HAL9000

Opining about the future of AI at the recent Brilliant Minds event at Symposium Stockholm, Google Executive Chairman Eric Schmidt rejected warnings from Elon Musk and Stephen Hawking about the dangers of AI, saying, “In the case of Stephen Hawking, although a brilliant man, he’s not a computer scientist. Elon is also a brilliant man, though he too is a physicist, not a computer scientist.”

This absurd dismissal of Musk and Hawking was in response to an absurd question about “the possibility of an artificial superintelligence trying to destroy mankind in the near future.” Schmidt went on to say, “It’s a movie.

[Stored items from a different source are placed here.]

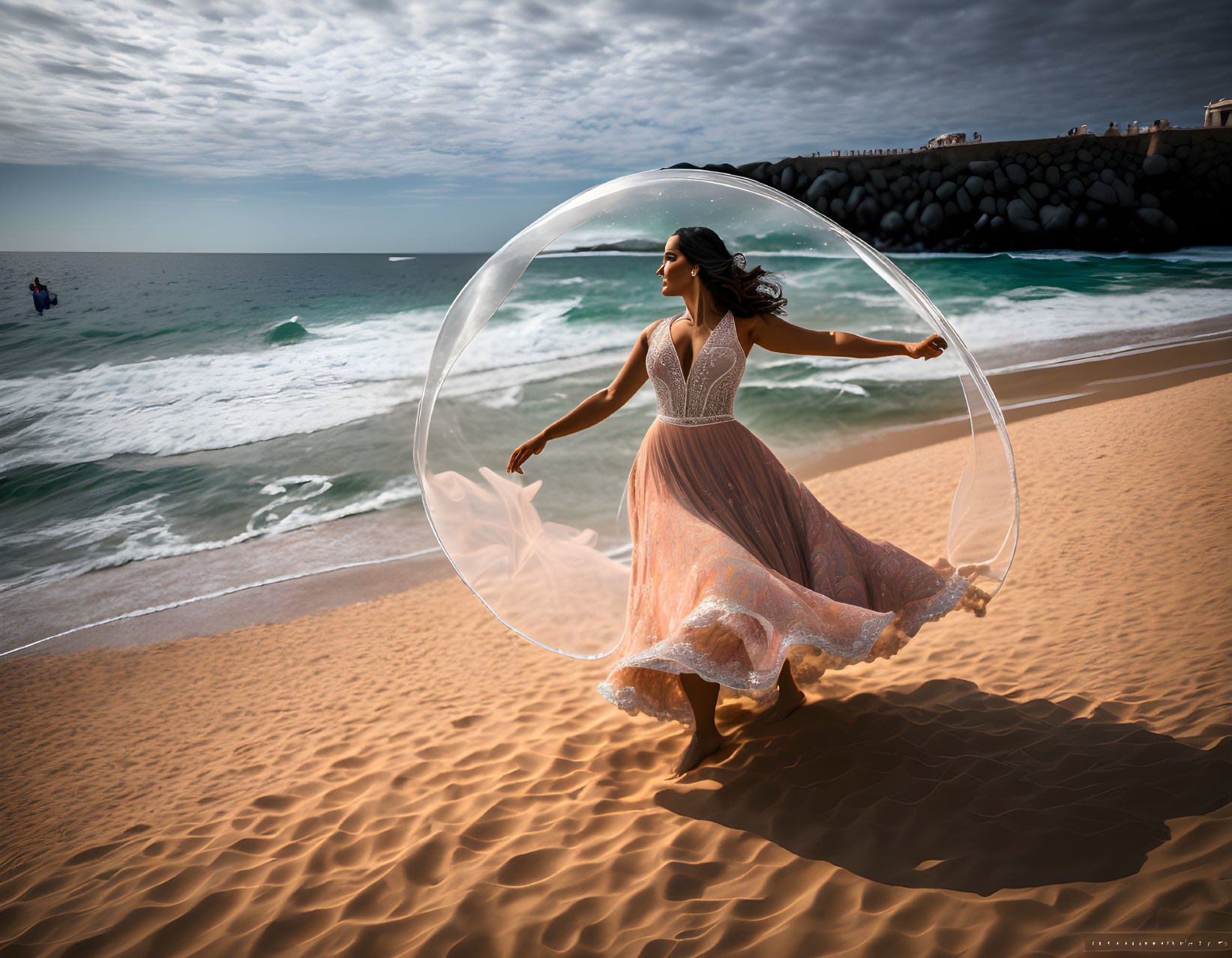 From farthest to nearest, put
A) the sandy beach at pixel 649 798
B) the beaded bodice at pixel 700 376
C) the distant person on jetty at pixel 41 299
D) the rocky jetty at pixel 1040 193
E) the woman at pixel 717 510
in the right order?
1. the rocky jetty at pixel 1040 193
2. the distant person on jetty at pixel 41 299
3. the beaded bodice at pixel 700 376
4. the woman at pixel 717 510
5. the sandy beach at pixel 649 798

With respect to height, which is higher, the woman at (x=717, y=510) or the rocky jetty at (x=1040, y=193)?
the rocky jetty at (x=1040, y=193)

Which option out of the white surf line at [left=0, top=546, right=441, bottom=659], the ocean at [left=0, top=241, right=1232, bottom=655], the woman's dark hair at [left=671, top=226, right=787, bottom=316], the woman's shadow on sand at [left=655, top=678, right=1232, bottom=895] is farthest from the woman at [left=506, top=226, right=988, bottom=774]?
the white surf line at [left=0, top=546, right=441, bottom=659]

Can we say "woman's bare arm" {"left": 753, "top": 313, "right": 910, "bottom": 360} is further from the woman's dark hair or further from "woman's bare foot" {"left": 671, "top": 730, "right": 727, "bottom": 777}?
"woman's bare foot" {"left": 671, "top": 730, "right": 727, "bottom": 777}

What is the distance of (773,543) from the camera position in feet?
8.55

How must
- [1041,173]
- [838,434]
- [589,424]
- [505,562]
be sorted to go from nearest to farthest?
[589,424], [505,562], [838,434], [1041,173]

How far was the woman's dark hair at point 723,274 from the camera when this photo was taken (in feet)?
8.50

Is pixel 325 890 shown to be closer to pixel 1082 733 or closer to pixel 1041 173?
pixel 1082 733

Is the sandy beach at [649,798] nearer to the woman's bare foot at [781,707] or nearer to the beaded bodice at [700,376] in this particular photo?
the woman's bare foot at [781,707]

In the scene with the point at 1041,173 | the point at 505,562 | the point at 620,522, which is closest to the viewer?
the point at 505,562

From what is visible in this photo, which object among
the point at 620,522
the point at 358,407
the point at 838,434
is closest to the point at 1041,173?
the point at 838,434

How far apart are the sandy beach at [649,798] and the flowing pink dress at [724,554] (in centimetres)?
48

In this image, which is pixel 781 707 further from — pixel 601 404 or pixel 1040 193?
pixel 1040 193

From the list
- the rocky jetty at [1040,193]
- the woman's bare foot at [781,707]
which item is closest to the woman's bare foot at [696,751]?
the woman's bare foot at [781,707]

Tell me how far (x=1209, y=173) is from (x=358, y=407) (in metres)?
29.0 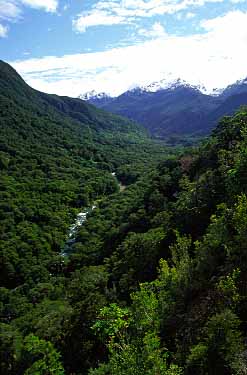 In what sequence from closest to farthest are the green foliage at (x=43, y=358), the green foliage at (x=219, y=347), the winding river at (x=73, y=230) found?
the green foliage at (x=219, y=347) < the green foliage at (x=43, y=358) < the winding river at (x=73, y=230)

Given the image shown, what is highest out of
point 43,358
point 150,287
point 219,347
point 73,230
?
point 219,347

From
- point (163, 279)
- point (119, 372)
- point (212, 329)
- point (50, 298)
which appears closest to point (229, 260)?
point (163, 279)

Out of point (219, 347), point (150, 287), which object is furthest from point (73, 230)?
point (219, 347)

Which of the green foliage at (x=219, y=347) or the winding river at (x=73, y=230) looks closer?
the green foliage at (x=219, y=347)

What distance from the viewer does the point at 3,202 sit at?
177250 mm

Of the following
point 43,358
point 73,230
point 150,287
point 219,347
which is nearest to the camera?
point 219,347

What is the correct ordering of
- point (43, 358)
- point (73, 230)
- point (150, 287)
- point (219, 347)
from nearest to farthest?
point (219, 347) → point (150, 287) → point (43, 358) → point (73, 230)

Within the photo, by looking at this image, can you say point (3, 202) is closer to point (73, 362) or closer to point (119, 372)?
point (73, 362)

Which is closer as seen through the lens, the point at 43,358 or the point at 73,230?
the point at 43,358

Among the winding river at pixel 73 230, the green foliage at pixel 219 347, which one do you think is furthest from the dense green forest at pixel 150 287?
the winding river at pixel 73 230

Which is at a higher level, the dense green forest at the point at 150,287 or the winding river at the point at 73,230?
the dense green forest at the point at 150,287

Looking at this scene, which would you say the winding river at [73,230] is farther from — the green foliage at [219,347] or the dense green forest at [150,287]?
the green foliage at [219,347]

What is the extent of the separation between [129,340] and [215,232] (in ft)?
52.4

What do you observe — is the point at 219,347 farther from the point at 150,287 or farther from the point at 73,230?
the point at 73,230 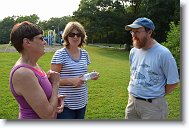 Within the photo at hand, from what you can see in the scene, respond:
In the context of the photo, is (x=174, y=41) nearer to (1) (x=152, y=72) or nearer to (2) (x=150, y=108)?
(1) (x=152, y=72)

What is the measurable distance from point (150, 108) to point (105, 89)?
0.53 metres

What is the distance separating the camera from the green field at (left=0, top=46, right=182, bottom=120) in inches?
58.6

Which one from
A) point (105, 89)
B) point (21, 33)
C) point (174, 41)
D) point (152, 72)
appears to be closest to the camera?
point (21, 33)

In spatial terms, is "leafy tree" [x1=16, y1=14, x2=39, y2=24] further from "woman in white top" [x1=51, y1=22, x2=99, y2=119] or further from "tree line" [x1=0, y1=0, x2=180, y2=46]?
"woman in white top" [x1=51, y1=22, x2=99, y2=119]

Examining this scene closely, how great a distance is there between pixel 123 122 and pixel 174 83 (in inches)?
15.0

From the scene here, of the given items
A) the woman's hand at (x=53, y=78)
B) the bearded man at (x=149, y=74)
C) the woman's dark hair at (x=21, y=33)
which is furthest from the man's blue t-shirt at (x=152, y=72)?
the woman's dark hair at (x=21, y=33)

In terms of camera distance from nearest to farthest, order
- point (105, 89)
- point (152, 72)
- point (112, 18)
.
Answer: point (152, 72) < point (112, 18) < point (105, 89)

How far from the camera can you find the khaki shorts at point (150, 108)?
1.38m

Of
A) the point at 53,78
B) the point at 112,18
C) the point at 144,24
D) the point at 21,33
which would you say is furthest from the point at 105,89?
the point at 21,33

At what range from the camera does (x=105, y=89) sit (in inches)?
73.4

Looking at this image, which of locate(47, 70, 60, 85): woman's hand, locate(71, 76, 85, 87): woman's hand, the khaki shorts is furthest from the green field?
locate(47, 70, 60, 85): woman's hand

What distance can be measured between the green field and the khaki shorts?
0.06 metres

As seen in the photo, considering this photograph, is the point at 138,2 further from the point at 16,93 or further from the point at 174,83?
the point at 16,93

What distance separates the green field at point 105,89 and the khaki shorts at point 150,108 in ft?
0.21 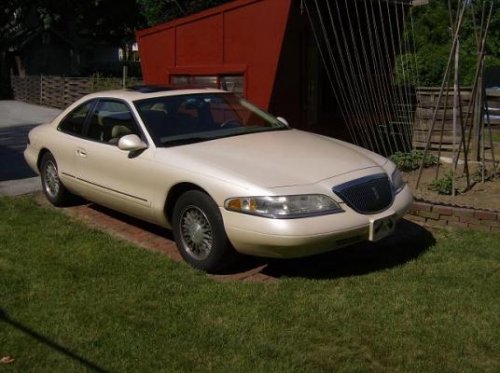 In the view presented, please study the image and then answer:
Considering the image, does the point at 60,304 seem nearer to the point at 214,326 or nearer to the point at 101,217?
the point at 214,326

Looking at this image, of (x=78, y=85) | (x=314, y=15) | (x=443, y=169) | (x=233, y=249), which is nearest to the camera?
(x=233, y=249)

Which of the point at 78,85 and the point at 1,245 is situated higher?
the point at 78,85

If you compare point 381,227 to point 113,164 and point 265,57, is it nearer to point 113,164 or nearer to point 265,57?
point 113,164

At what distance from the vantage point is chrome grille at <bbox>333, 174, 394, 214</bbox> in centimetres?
462

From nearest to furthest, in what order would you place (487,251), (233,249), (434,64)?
(233,249), (487,251), (434,64)

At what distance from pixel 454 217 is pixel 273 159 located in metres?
2.17

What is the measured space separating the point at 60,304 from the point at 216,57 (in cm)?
592

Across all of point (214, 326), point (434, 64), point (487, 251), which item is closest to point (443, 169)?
point (487, 251)

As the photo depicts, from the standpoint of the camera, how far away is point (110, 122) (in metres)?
6.01

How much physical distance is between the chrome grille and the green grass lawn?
1.75 feet

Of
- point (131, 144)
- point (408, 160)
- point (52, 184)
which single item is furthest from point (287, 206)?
point (408, 160)

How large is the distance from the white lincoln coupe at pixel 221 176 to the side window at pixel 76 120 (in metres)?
0.02

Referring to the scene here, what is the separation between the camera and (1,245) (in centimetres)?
559

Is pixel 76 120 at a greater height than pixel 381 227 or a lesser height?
greater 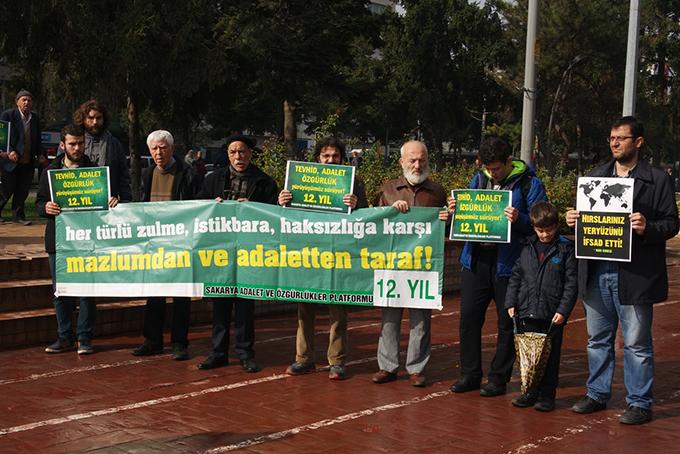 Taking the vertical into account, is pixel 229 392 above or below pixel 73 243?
below

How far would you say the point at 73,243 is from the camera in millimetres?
8273

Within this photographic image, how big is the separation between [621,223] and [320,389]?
2.69 meters

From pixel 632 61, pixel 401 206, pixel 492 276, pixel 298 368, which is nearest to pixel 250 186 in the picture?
pixel 401 206

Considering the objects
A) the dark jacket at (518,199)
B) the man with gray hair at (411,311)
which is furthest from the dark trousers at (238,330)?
the dark jacket at (518,199)

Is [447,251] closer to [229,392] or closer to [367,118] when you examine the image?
[229,392]

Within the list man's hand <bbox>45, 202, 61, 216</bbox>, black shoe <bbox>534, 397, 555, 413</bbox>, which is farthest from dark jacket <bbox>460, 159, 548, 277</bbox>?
man's hand <bbox>45, 202, 61, 216</bbox>

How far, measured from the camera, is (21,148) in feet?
40.3

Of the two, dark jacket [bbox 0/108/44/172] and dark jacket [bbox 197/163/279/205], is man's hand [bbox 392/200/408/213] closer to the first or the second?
dark jacket [bbox 197/163/279/205]

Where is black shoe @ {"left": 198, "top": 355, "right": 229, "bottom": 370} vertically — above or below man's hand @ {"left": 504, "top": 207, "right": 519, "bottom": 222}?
below

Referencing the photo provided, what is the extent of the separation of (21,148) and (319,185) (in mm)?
6360

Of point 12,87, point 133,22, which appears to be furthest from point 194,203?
point 12,87

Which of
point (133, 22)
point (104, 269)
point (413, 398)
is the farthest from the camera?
point (133, 22)

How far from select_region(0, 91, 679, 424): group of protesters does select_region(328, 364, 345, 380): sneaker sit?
0.02 metres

The state of the earth currently does not support any of these scenarios.”

If You Ask the Wrong Question …

Hal 9000 (2001: A Space Odyssey), WOPR (War Games) and Colossus (The Forbin Project – it’s a 70’s B-budget disaster/thriller; look it up) are all pure science fiction. One day, we might reasonably ask if it is possible for sentient computers to evolve, cop an attitude and attempt to destroy mankind. But this is not the kind of AI we should fear. As Mr. Schmidt suggests, the state of the earth currently does not support any of these scenarios.

Man/Machine Partnerships

What we should fear are motivated gangs of hackers using AI to better target unsuspecting businesses and financial institutions and, ultimately, sovereign nations. According to Eugene Kaspersky, a cybersecurity expert whose eponymously named company discovered Stuxnet and Flame32, “We are living in the middle cyberage, the dark ages of cyber.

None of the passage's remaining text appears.